-- Opening Marker --

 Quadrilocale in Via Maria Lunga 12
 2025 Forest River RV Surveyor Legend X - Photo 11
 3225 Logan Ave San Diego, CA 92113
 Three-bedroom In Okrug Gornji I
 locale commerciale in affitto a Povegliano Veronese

-- Closing Marker --
-- Opening Marker --

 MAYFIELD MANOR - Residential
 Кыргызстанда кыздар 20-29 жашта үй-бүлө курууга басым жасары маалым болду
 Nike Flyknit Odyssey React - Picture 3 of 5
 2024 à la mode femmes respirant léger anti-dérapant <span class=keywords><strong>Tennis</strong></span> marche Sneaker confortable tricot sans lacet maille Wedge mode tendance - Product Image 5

-- Closing Marker --

• Problem to work on: Whatever else the listing above holds, retype exactly only the lines from the one containing "Quadrilocale in Via Maria Lunga 12" to the one containing "locale commerciale in", both ends kept.

• Written answer:
 Quadrilocale in Via Maria Lunga 12
 2025 Forest River RV Surveyor Legend X - Photo 11
 3225 Logan Ave San Diego, CA 92113
 Three-bedroom In Okrug Gornji I
 locale commerciale in affitto a Povegliano Veronese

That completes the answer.